I've used GrapheneOS for years now and it is the easiest-to-use, lowest friction privacy oriented software I've interacted with.

I'm not sure why one banking app not working would be a deal breaker (Can you not live without that specific banking app?) or why things being "digital-first" would be an issue (Are you talking about a government app not working?). The only people I think that it isn't practical for are those that need a specific dual factor authentication app for their job that doesn't work on it or someone that uses there phone for their business as a payment processor that requires an app that doesn't work on it. Otherwise it's kinda install it and forget about it, which is how I wish more privacy focused software worked.

> In my country, the state is enforcing a lot of essential workflows to be digital-first (and in extreme cases digital-exclusive) and I dread to think needing these services at a crticial moment and the choice of my OS making it impossible for me. This is more of a commentary on my government's choices but it's a reality for me.

If my country did this I would get a cheap used device for this purpose and keep it powered off. I refuse to carry a pocket spy for the sake of convenience. I find that it’s rarely an issue.

Another daily GrapheneOS driver here. I've kept banking apps off my phone anyway, and I do banking via desktop/website (I don't understand why people need to do banking 'on the go') and just use a physical credit card for tap payments when I'm out and about.

I do have older Android devices that I have run banking apps on, that I can revert to if necessary, but there's a fair bit of inconvenience I would be happy to endure to avoid being forced into that final option.

What I would recommend is a slow transition, and just start using it at home. If you have GrapheneOS on it's most paranoid settings (exploit protections) there will be exceptions you'll need to allow for a few apps.

I worried about that too, but jumped in and it hasn't been an issue at all in two years. Including three bank apps. And it's usually so easy to reset to vanilla Android if you need to that it shouldn't be your moat.

As someone who daily-drives GrapheneOS, there isn't a single app that I want to use that is broken.
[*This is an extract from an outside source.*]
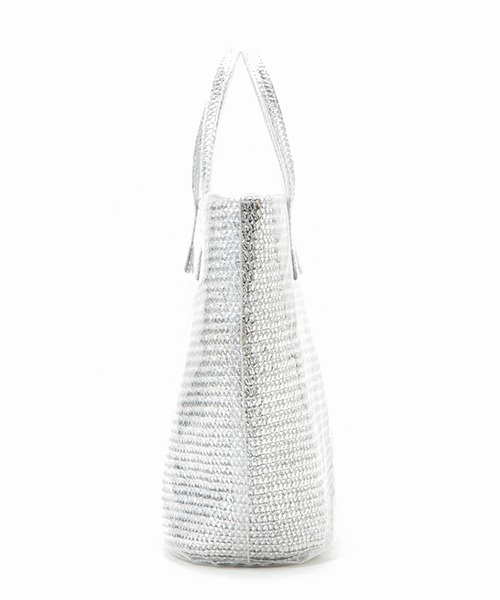 Casselini（キャセリーニ）の「Casselini(キャセリーニ)カラーブレードバッグ小（ハンドバッグ・レディース・シルバー/ゴールド/ベージュ/ブルー・FREE）」の9枚目の写真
I don't see any reason to use regular Android.

We shouldn't install apps that use the Google Play Integrity or are closed-source in the first place. That's what I do.

The issues with GrapheneOS for me are:

1. They don't support rooting the OS. This is such a basic requirement for me. Why would I use an OS that doesn't let me do anything and everything with it?

2. They only support Google Pixel phones that don't have kill switches for the microphone, camera, radio and so on, as far as I know. GrapheneOS may be very secure, but nothing is 100% secure. Except cutting power to the mic. I'd be fine with physically removing the accelerometer and other sensors that can act as mics, even the mic itself. But newer phones are a bitch to open and close as they use glue instead of screws.

So right now I'm waiting for a Linux phone that's priced normally. I tried the PinePhone a couple of years ago, but it was an awful experience. Hopefully something comes soon. If not - I'll use my dumb phone.

I wonder if it would be feasible to build an automated phone-using robot, and access it remotely for any kind of apps enforcing that type of crap. There is really nothing they can do in terms of device attestation to prevent it.

I run GrapheneOS as a daily driver and slowly removed all proprietary software from my device by looking for FOSS alternatives on F-Droid. Luckily, I'm able to access banking and government in a web browser on a dedicated profile.

I do have a second Android device with a stock ROM that I keep turned off in a drawer in case I ever need to use an app that requires Play Integrity in an emergency.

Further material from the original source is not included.